Exercise directions: Print the lines in the listing below starting at the line with "tickets restaurant" and ending at the line with "undefined, Roebuck Lane, Trafford M33", both included. Reproduce them exactly and omit every picture.

Stored data:
--*--

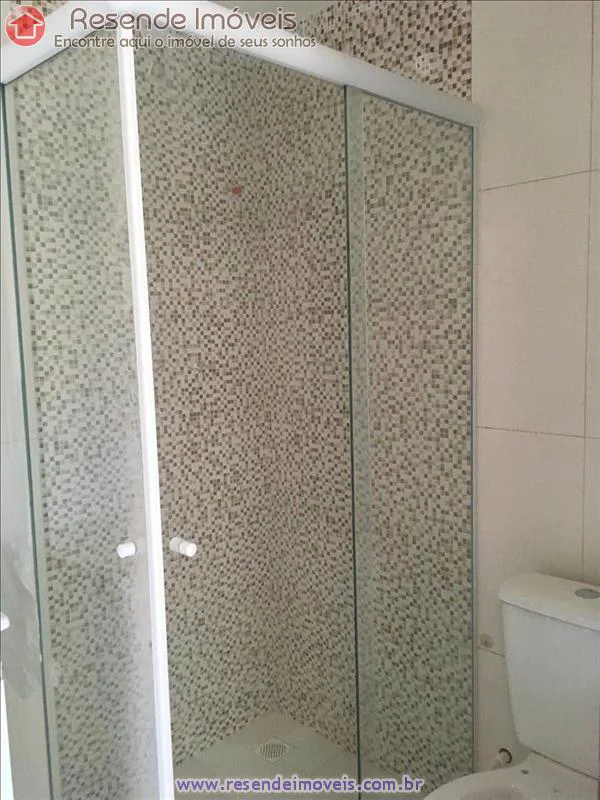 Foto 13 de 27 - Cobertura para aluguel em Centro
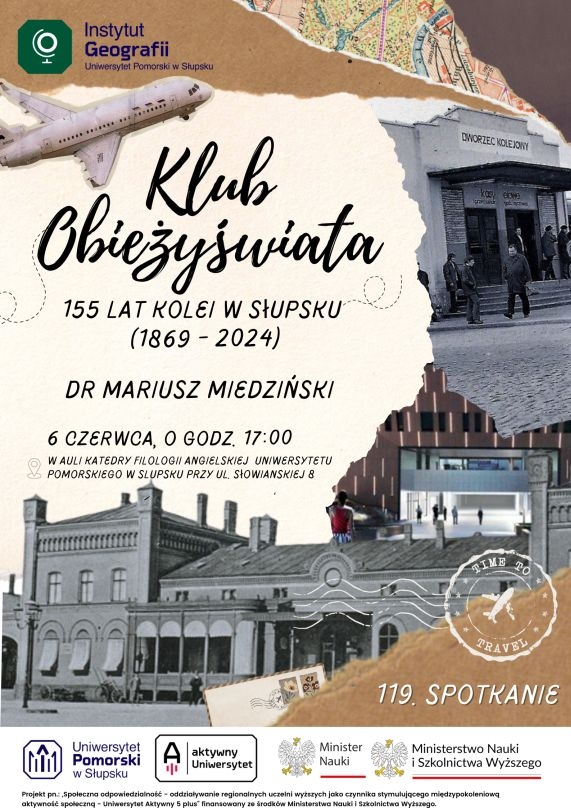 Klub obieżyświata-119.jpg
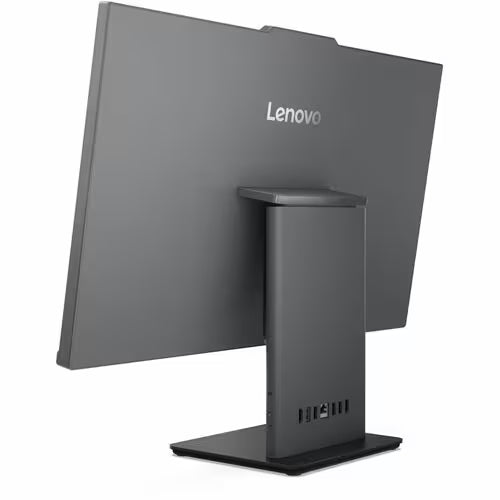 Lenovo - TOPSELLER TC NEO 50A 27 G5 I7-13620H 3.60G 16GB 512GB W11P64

--*--

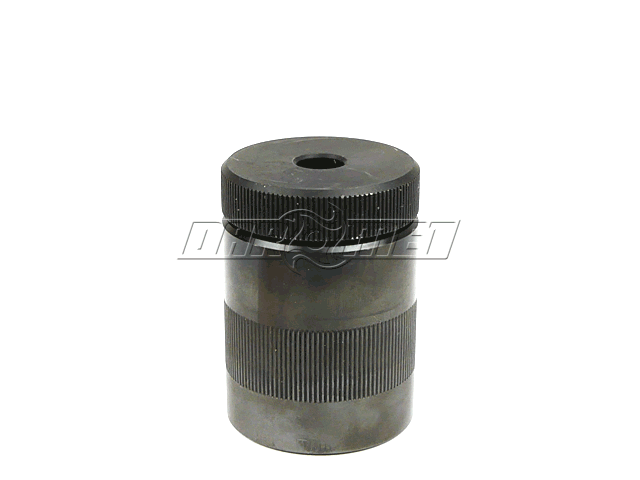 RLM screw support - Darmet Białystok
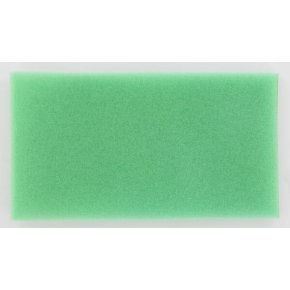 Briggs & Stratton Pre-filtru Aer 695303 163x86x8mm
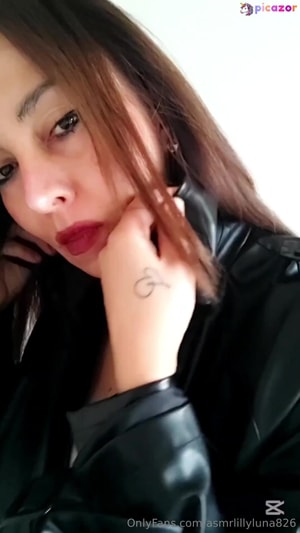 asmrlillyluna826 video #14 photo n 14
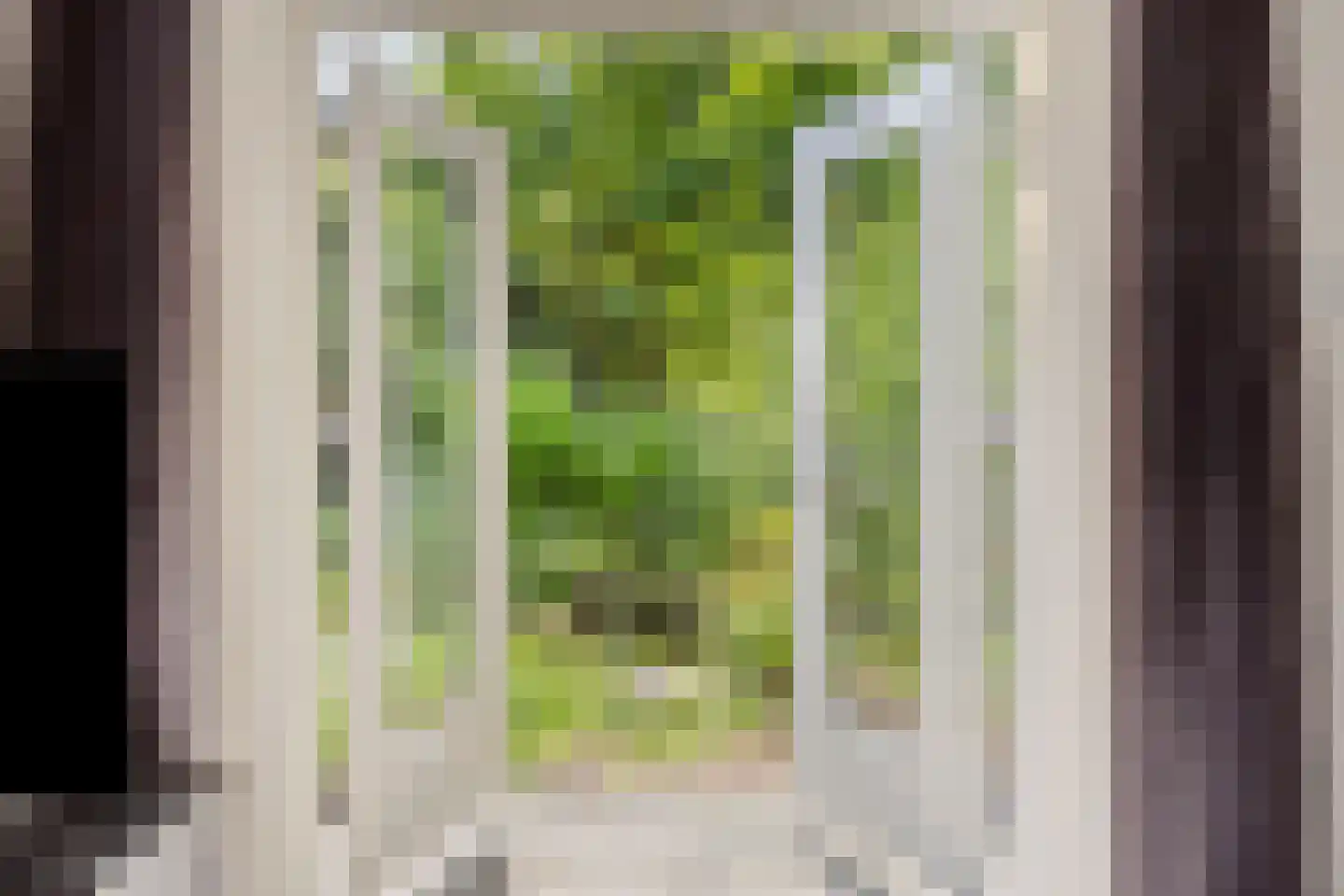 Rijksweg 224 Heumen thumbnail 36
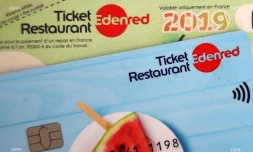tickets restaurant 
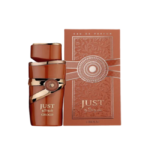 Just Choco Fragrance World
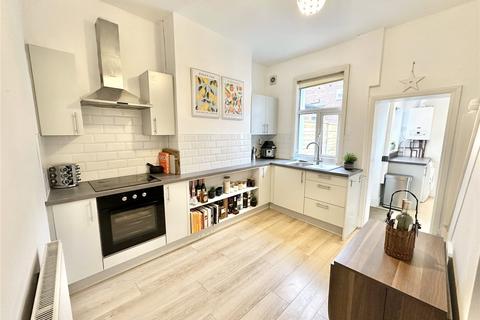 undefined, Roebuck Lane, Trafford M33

--*--

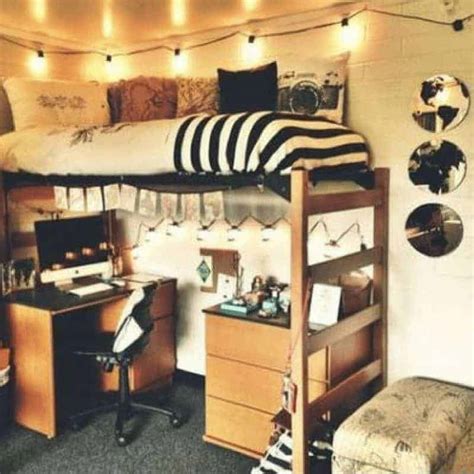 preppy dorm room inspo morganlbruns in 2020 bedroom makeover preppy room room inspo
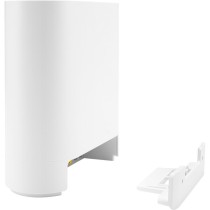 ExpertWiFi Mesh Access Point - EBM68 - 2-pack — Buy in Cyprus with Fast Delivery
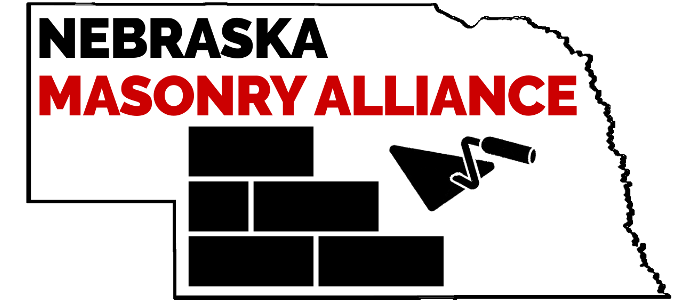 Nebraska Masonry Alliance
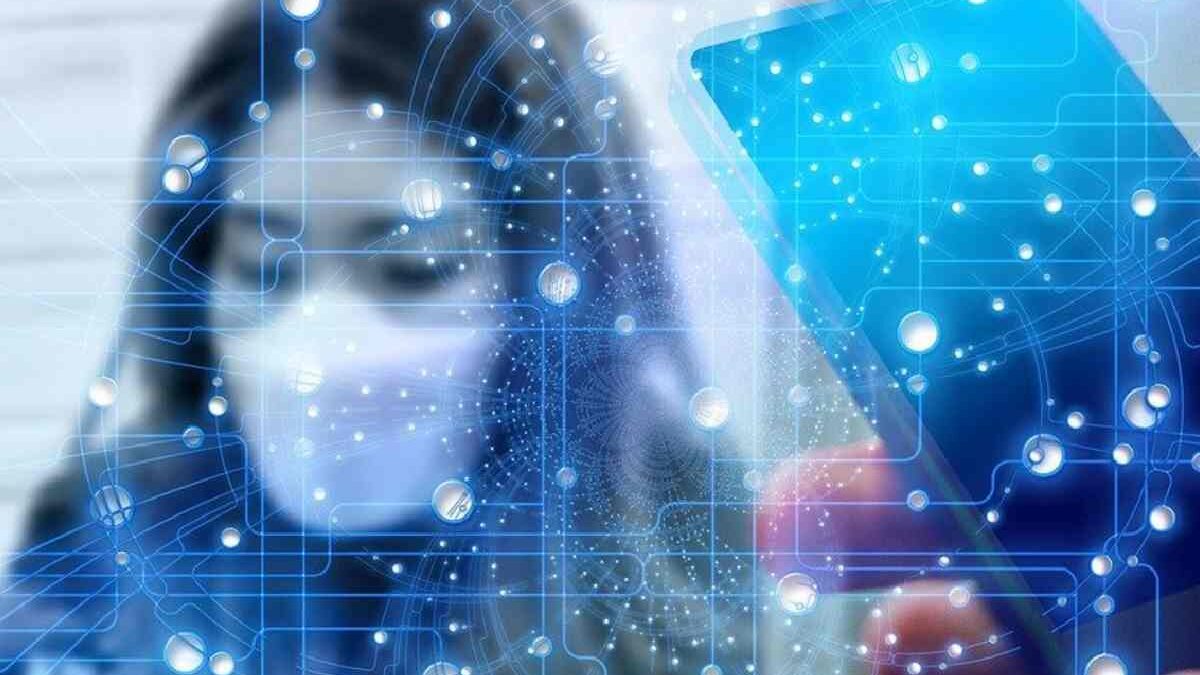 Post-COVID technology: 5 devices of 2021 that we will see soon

--*--

Answer section:
tickets restaurant 
 Just Choco Fragrance World
 undefined, Roebuck Lane, Trafford M33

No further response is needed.